À mes yeux, Terminator a imposé James Cameron non pas comme un solide artisan mais comme un conquérant. À peine sorti de son western SF, le cinéaste passe derrière Ridley Scott pour la suite d'Alien. Non seulement il s'y est attaquée avec passion (son style et sa sensibilité transparaissent à chaque séquence) mais il poussait encore la technologie afin de livrer l'un des blockbusters les plus efficaces des années 80. Rebelote avec Abyss qui, en parallèle d'une histoire mêlant fonds marins, guerre atomique et message humaniste, opérait une véritable révolution avec ses effets visuels (le morphing). Bref, le réalisateur dépassait le cadre du conteur né pour devenir celui du démiurge visionnaire. Mais le coup de massue définitif restait à venir avec Terminator 2 : Le Jugement Dernier.
Environ 10 ans après les évènements du premier, nous retrouvons donc les machines venues du futur. Plus déterminées que jamais à en finir avec leur ennemi John Connor, elles envoient le tout nouveau T-1000 dans le passé pour le tuer jeune.
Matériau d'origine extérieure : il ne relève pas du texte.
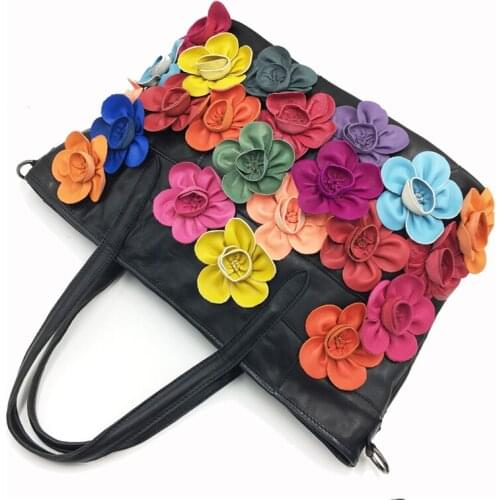 Casual Totes Women Crossbody Bags Colorful Flower Patchwork Sheepskin Leather Bags 2020 New Ladies Fashion Handmade Shoulder Bag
De son côté, la résistance expédie un T-800 reprogrammé afin de protéger son futur leader. Une nouvelle fois, la clé de l'avenir dépendra de ce combat...
Gonflé d'un budget hors-norme à l'époque (102 millions de dollars), T2 témoignait d'une volonté de spectacle total où la forme s'allierait parfaitement avec le fond. Indiscutablement, cette suite est une date dans l'Histoire du cinéma.
L'excellence de ses effets-spéciaux impressionne toujours aujourd'hui.
James Cameron nous invite pour un grand-huit de premier ordre. Il décuple l'ampleur de ses scènes d'action (toutes incroyables), notamment grâce aux capacités de transformations ahurissantes de son antagoniste. Loin de les suggérer, T2 les assène comme autant de moments forts qui laissent sans voix et font sans arrêt rebondir l'intrigue. Mais il ne s'agit pas que de techniques.
La force du film repose sur cette maestria à installer ses enjeux, à présenter ses personnages et leurs destinées pour mieux les entrechoquer lors de ses sommets. À ce jeu-là, le metteur en scène est un roi. Le film répète la structure du premier, et on pourrait le lui reprocher si seulement le scénario en modifiait certaines règles. Remplacer le soldat héroïque (Kyle Reese) du premier par un T-800 n'a rien d'un artifice : tout le cœur de Terminator 2 va s'en trouver bouleversé. Si un cyborg a pu nous faire peur avant, il va cette fois générer de l'affect (par le biais de sa relation -magnifique- avec un petit garçon). Et il faut admettre que le résultat est un triomphe de justesse et de poésie.
Ne pas oublier que James Cameron est également un très bon directeur d'acteurs. Arnold Schwarzenegger confirme Terminator comme son rôle le plus important à ce jour. À ses côtés, le tout jeune Edward Furlong fait des merveilles dans les baskets d'un John Connor espiègle et attachant. Sarah Connor n'est pas en reste, loin de là. C'est sûrement avec ce volet qu'elle acquiert le statut d'icône indéboulonnable et s'offre au passage un éventail d'émotions remarquable. Puis enfin, et pas des moindres, le fantastique Robert Patrick qui prend la suite de Schwarzie dans la peau (ou plutôt l'exosquelette) de l'indestructible T-1000. À la différence de son prédécesseur, dont la simple présence physique écrasait toute velléité de résistance, lui jouit d'une aura délicieusement menaçante par sa félinité et sa ruse.
Comme je le disais, T2 est un spectacle ininterrompu, magistral dans ses propositions, généreux dans les ajouts à la mythologie et si bon dans son exécution.
Je garde une toute petite préférence pour le premier, mais Terminator 2 reste un moment phare de ma vie de spectateur. Parce qu'ils sont peu nombreux à avoir pu me faire passer de la peur aux rires, de la tension à l'émotion. C'est un nouveau coup d'éclats pour James Cameron. Et je ne me lasse pas d'en admirer la beauté.